Michelle, évitant le sable des allées qu’auraient fait craquer ses pas, marchait sur le bord des pelouses. Les dogues lâchés vinrent à elle, gambadant, flairant leur ancienne amie. Elle leur fit l’aumône d’une caresse et s’enfonça dans le parc, comme Georges Rozel et Minihic jadis… Aucune sentinelle n’errait plus aux entours. La poterne du fond du bois devait être ouverte, Mina l’avait promis et la lune sereine éclairait la nuit… une petite ombre derrière la sienne sautillait de massifs en massifs et le bruit de sa course était couvert par les bonds des molosses.

La porte, en effet, n’était que poussée, la nuit, très épaisse sous les grands lierres de ce quartier isolé du parc, ne laissait rien distinguer de l’entourage, et, tout à coup, Michelle tressaillit : la porte s’ouvrait sans qu’elle la touchât, quelque chose fuyait devant elle, un chien sans doute.

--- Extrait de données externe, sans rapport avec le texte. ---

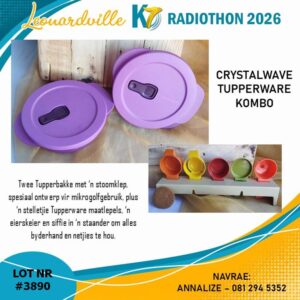 #3890 Crustalwave Tupperware Kombo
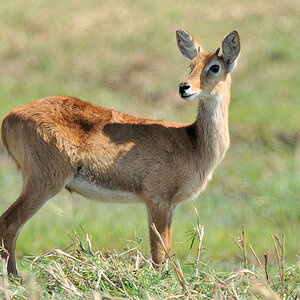 Grasantilope (Puku)
Busanga Plains, Kafue
6661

Elle referma. La clé était à la serrure, elle la fit jouer, puis la lança dans le parc par-dessus le mur. Elle était sortie ! Que faire maintenant ? Retourner coucher au village ? non ; elle ferait mieux de prendre le train de France tout de suite ; mais combien elle était lasse ! ses jambes avaient peine à la soutenir, elle s’affaissa sur l’herbe contre la porte fermée… alors deux petits bras l’entourèrent. Elle crut rêver.